§ **EXERCISE DIRECTIONS**
Using the data below, output a verbatim copy of the lines between the one holding "Victoria's Secret Victoria’s" and the one holding "Vainilla con Stevia 118ml", inclusive, without any pictures.

§ **DATA PROVIDED**

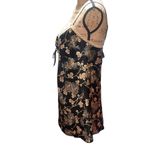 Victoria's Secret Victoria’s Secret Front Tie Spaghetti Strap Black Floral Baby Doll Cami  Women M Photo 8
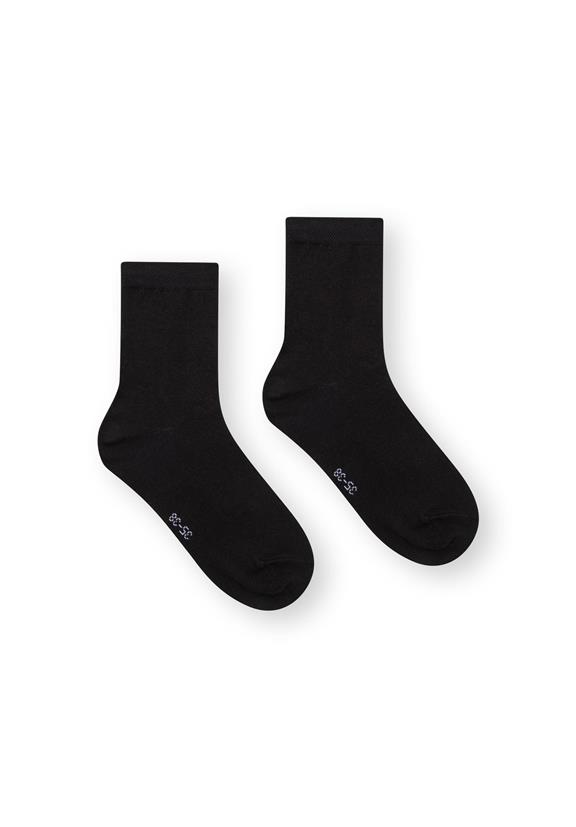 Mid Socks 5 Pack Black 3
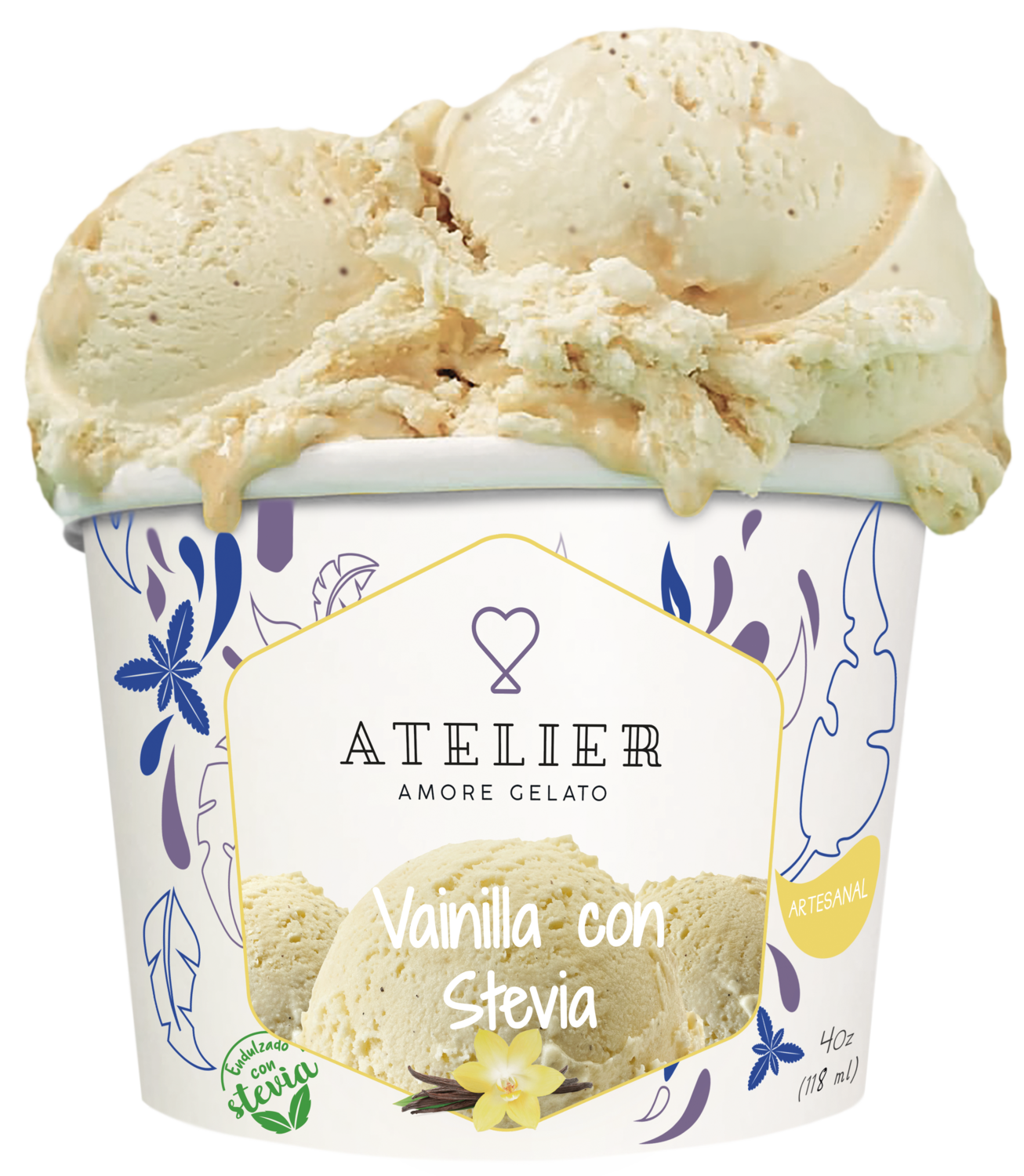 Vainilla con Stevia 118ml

--

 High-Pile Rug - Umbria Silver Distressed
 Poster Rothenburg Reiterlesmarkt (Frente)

...

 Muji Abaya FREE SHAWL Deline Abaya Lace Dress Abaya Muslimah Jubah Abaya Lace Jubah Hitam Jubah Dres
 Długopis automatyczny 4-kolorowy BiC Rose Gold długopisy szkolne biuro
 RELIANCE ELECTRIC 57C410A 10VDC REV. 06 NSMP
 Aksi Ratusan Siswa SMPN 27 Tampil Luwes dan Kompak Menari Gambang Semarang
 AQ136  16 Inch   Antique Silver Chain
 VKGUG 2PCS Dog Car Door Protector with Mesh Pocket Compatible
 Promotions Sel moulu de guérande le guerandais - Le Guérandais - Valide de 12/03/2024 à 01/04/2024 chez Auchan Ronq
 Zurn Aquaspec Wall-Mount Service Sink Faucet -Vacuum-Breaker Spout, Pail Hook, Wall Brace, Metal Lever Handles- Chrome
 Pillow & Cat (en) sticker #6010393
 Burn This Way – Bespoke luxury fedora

§ **OUTPUT**
 Victoria's Secret Victoria’s Secret Front Tie Spaghetti Strap Black Floral Baby Doll Cami  Women M Photo 8
 Mid Socks 5 Pack Black 3
 Vainilla con Stevia 118ml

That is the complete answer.